M75-79: Osorio Claims NYC Half Title in a Group That Defied the Calendar
- Humberto Osorio, 78, wins in 2:45:31 (12:38/mi), topping a 31-man M75-79 field on a crisp 40°F morning from Prospect Park to Central Park.
- J John Mann, 78, finishes 4th in 2:30:53 — the fastest time in the group — after a stunning final push: his 20K→Finish split was the 6,412th-fastest in the entire field, rocketing him from deep in the pack to 4th place in the age group.
- Roberto Rodriguez, 76, places 10th in 2:32:52 (11:40/mi), the second-fastest finishing time among M75-79 runners despite finishing outside the podium.
- Joseph Kvilhaug, 75, edges Eric Melby, 77, for 3rd — 2:49:09 to Melby's 2:53:09 — a four-minute gap that tells a story of two very different races in the back half.

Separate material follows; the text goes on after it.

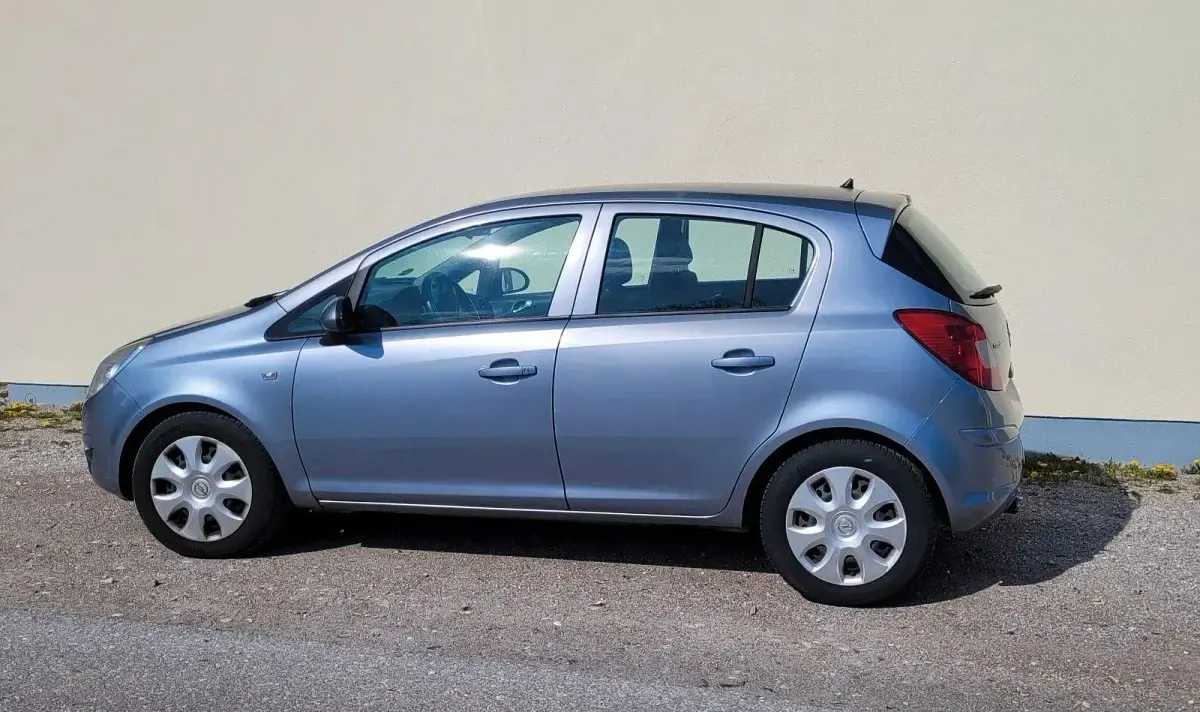 Używany Opel Corsa 86 KM (63 kW) 2010 Szary Hatchback
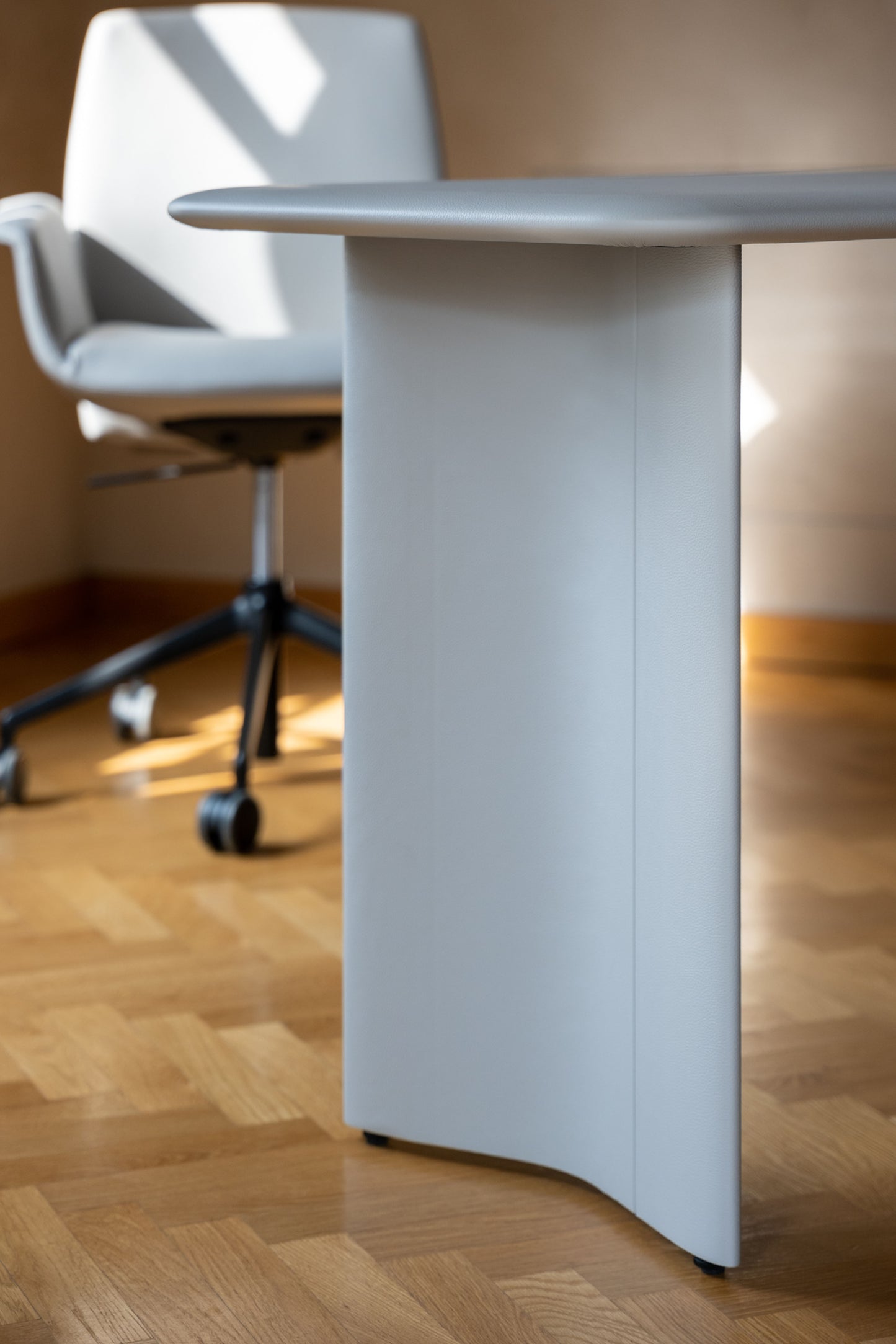 poltrona frau downtown conference 360 chair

Humberto Osorio of Tegucigalpa crossed the finish line in 2:45:31 to claim the M75-79 title on a clear, cold March morning. The 78-year-old ran a measured race, moving steadily through the men's field in the early miles before fading slightly in the closing stretch — his gender-place ranking slipped in the final segment — but he had done enough. At 12:38 per mile across 13.1 miles in near-freezing air, the win was well earned.
The most dramatic storyline of the day, however, belonged to J John Mann. The 78-year-old New Yorker was nowhere near the front of the M75-79 group through 20K, but his 20K→Finish split was the 6,412th-fastest in the entire field — a ferocious closing kick that vaulted him to 4th place in the age group and a finishing time of 2:30:53, the outright fastest among all 31 M75-79 finishers. He simply ran out of course. Similarly, Roberto Rodriguez quietly posted 2:32:52 — 11:40 per mile — to finish 10th, a time that would have placed him on the podium in many age groups.
On the podium behind Osorio, Joseph Kvilhaug (3rd, 2:49:09) and Eric Melby (2nd, 2:53:09) told contrasting tales. Melby ran a progressively stronger race, his gender-place ranking climbing steadily from the opening 5K all the way to the finish. Kvilhaug went the other direction — moving well early before fading through the middle miles — but his 20K→Finish split helped him claw back enough ground to hold 3rd. James Brady (5th, 3:02:28) and David Dempsey (6th, 3:05:14) rounded out a podium chase that stayed competitive well into the second half.